Some of the recent studies suggest that the ability of an epidemiologic study of arsenic exposure to detect associations with lung or bladder cancer could be impacted by the number of smokers in the study population. Bates et al. (2004), Karagas et al. (2004), and Steinmaus et al. (2003) all report an increased risk of bladder cancer in smokers, but not nonsmokers, exposed to relatively low concentrations of arsenic in drinking water. The ecologic study by Meliker et al. (2007) found a significant increase in lung cancer mortality for the most urbanized of the six arsenic-endemic counties (Genesee County).

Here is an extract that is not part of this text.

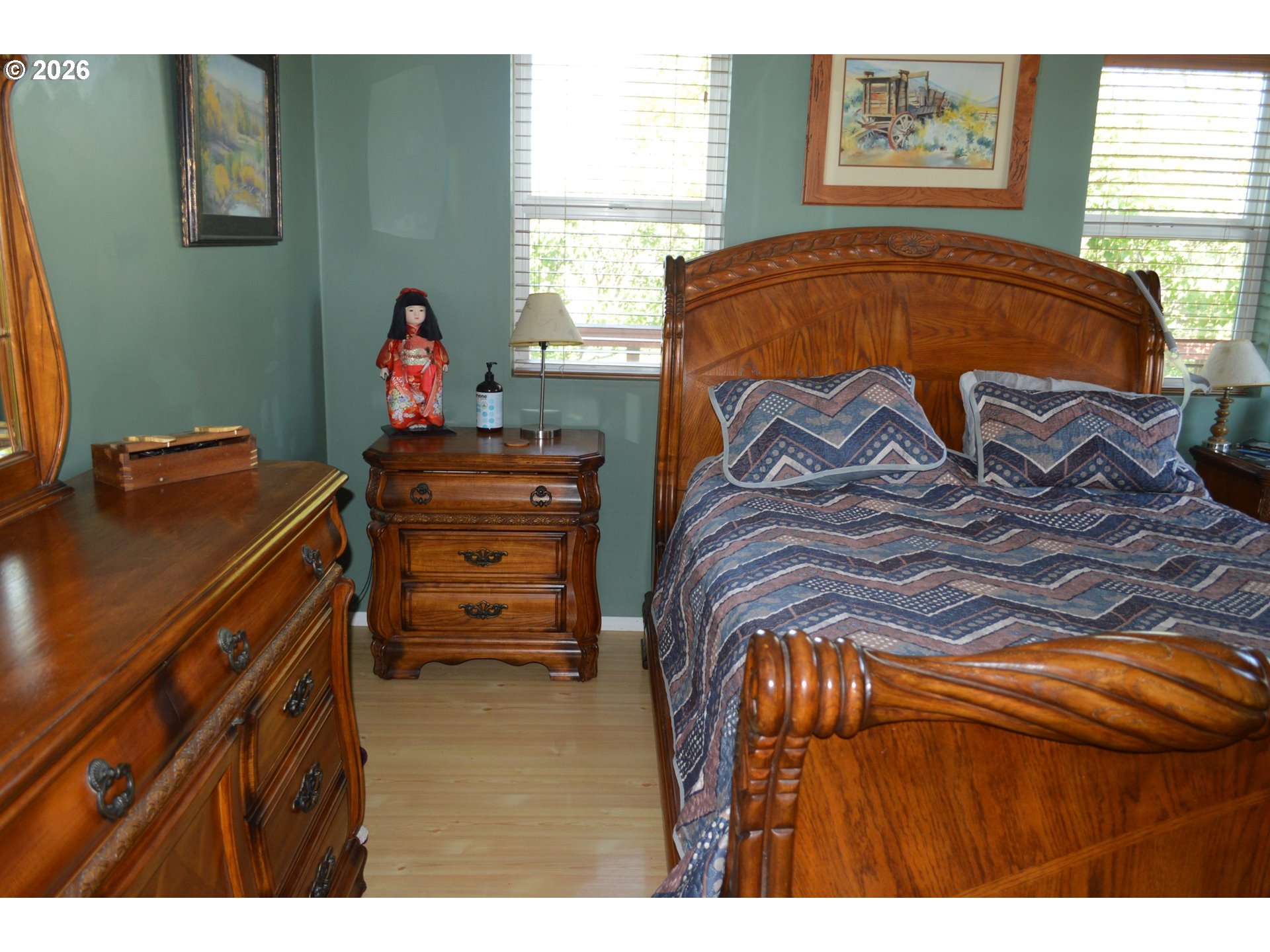 1935 Bench Road Vale, OR 97918 - Photo 13 of 25 a bedroom with a bed and a window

Because the prevalence of smoking in the most urbanized county was expected to be higher than in the other five counties, the authors suggested the significant elevation in lung cancer mortality is due to the synergy between arsenic and smoking. An earlier study by Kurttio et al. (1999) also presents evidence of an interaction between smoking and arsenic with respect to bladder cancer, while Chen et al. (2004), Ferreccio et al. (2000), and Mostafa et al. (2008) suggest an interaction between smoking and arsenic with respect to lung cancer. Chen et al. (2010a) found a synergistic effect of arsenic exposure and cigarette smoking for squamous- and small-cell carcinomas of the lung but not for adenocarcinoma. The authors also reported that a relationship between smoking, arsenic, and lung cancer was evident by the significantly elevated RRs among exposed smokers compared with exposed nonsmokers.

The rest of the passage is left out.